DATA IN THIS EXERCISE section start

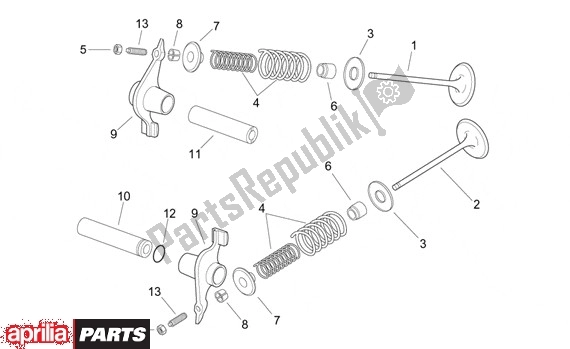 Todas as partes de Ventielen do Aprilia Leonardo 250-300 657 2002 - 2004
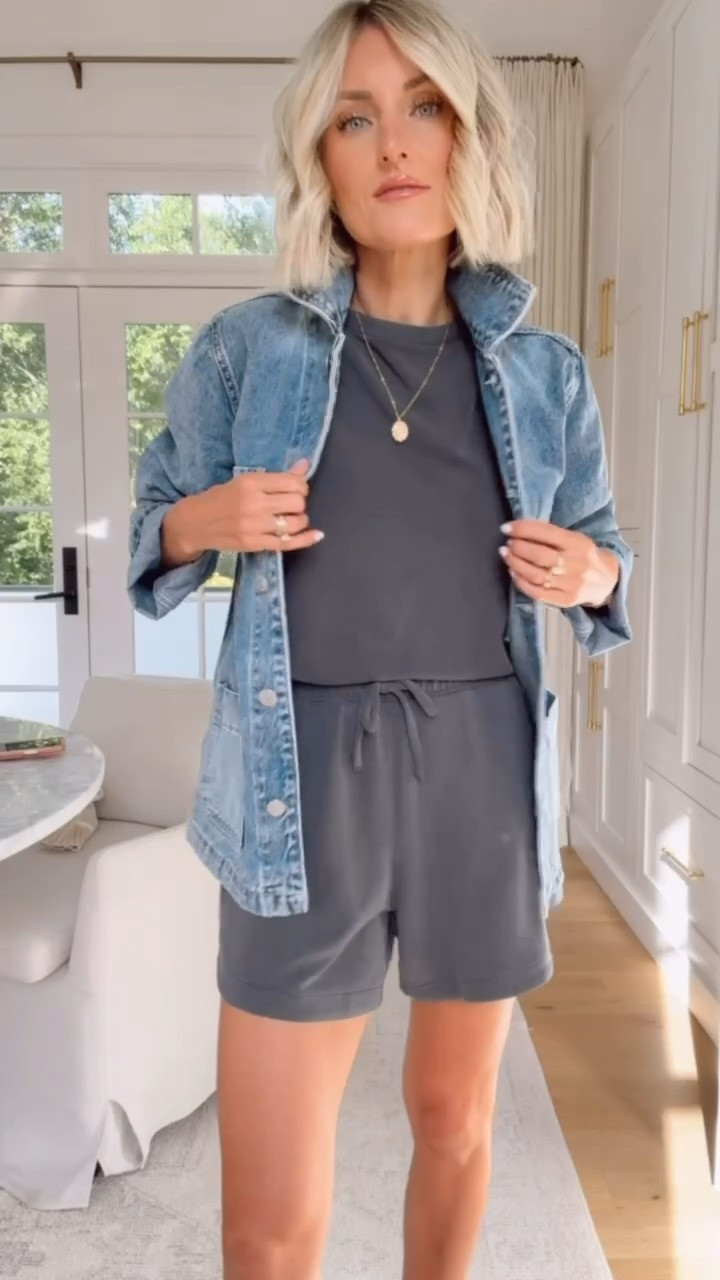 I love this set so much I got in two colors! And these colors will be great going into fall! I just layered a denim jacket over it, and I love how this look turned out! Perfect for travel! Wearing XS in tank & S in shorts! Use code BRITTANYXSPANX for 15% off your first order!

Loverly Grey, Spanx, matching set, lounge set, denim jacket, quince, travel outfit, pre fall 

 #LTKSeasonal #LTKTravel
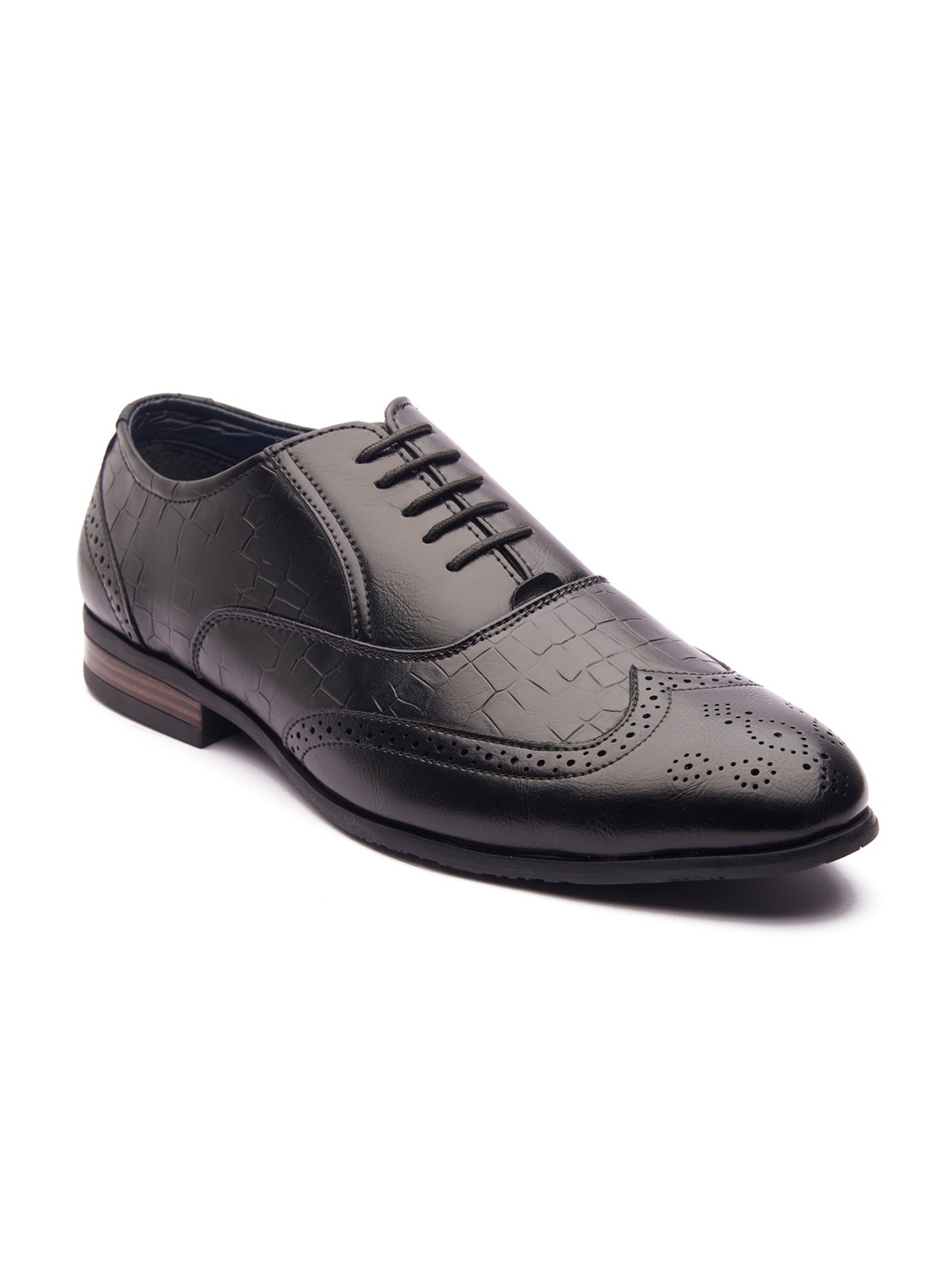 

MICHAEL ANGELO Men Textured Formal Brogues, Black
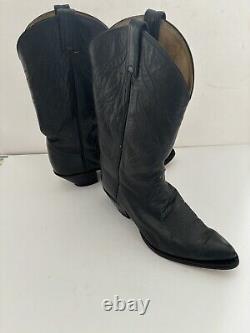 Vintage Tony Lama Navy Plain Style Western Cowboy Boots Size 11D withNEW SOLES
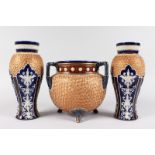 A PAIR OF ROYAL DOULTON STONEWARE BLUE AND GILT VASES, 11ins high, and a ROYAL DOULTON STONEWARE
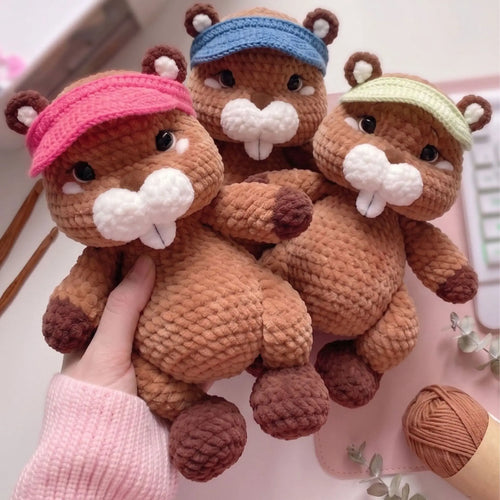 cute beaver amigurumi crochet pattern PDF — no-sew beginner friendly instant download MrsCrochetWorld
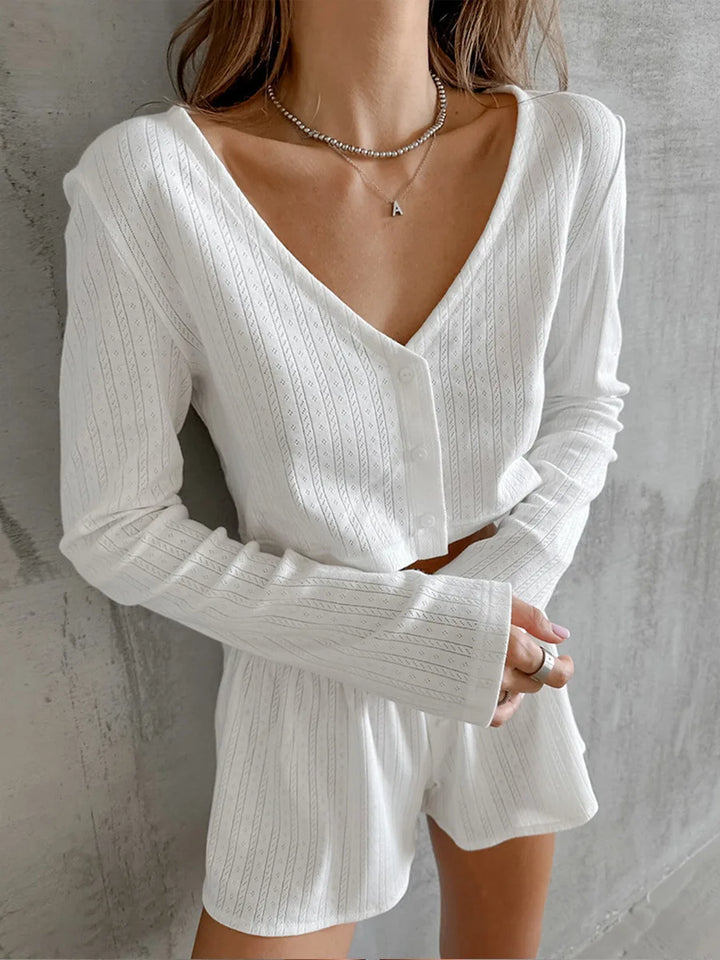 Pijama con top corto y estilo de punto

DATA IN THIS EXERCISE section end

■ PROBLEM DESCRIPTION
A word-for-word copy of the listing is needed, with no pictures in it.

■ SOLUTION FOR THIS PROBLEM
 Todas as partes de Ventielen do Aprilia Leonardo 250-300 657 2002 - 2004
 I love this set so much I got in two colors! And these colors will be great going into fall! I just layered a denim jacket over it, and I love how this look turned out! Perfect for travel! Wearing XS in tank & S in shorts! Use code BRITTANYXSPANX for 15% off your first order!

Loverly Grey, Spanx, matching set, lounge set, denim jacket, quince, travel outfit, pre fall 

 #LTKSeasonal #LTKTravel

MICHAEL ANGELO Men Textured Formal Brogues, Black
 Vintage Tony Lama Navy Plain Style Western Cowboy Boots Size 11D withNEW SOLES
 A PAIR OF ROYAL DOULTON STONEWARE BLUE AND GILT VASES, 11ins high, and a ROYAL DOULTON STONEWARE
 cute beaver amigurumi crochet pattern PDF — no-sew beginner friendly instant download MrsCrochetWorld
 Pijama con top corto y estilo de punto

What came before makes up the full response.